It seems to me that, despite how the turn of events are explained, we'd have
no..none, zero, chance at winning that war.

------
blrsk
The Startup Owner's Manual - Steve Blank

Discours de la Methode - Descartes

------
tchock
Understanding Media: the extensions of Man, by Marshall McLuhan

------
gyardley
Jonathan Haidt's "The Righteous Mind" was terrific.

------
jdelard
Breakfast for Champions - Kurt Vonnegut

------
tiplus
daemon - daniel suarez,

freedom - daniel suarez

------
peterwiese
The Strangest Man - Graham Farmelo

A biography of Paul Dirac. Very good.

\---------------

The Fabric of the Universe - David Deutsch

What picture can we paint of the universe if we take together the best
theories we have about fundamental things like time, life, virtual reality,
cosmology etc. Easily the best book i've read in recent years. Consider that
Deutsch is a very distinguished scientist in the field of quantum
cryptography/computing. He is really good at explaining things in terms that
non-physicists and experts alike can learn a lot!

\---------------

Roadside Picnic - Strugatzky

Soviet Science Fiction book about the first and only visit of earth by aliens.
The approach is very unusual since there is never any direct contact between
humans and the extra terrestrial intelligence.
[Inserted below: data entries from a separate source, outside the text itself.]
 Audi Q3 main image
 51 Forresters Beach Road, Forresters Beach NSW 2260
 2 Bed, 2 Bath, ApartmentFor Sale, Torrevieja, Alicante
The book is more like a study
of human society and how it could develop if suddenly there was some extremely
advanced technology available to us which we are too primitive to
understand/control.

------
xxiao
sigh , i read HN all day long and have no time left for books.

seriously though, i use books as a reference and just hack along, i mean
technical books, for non-tech books, i have not read them for years.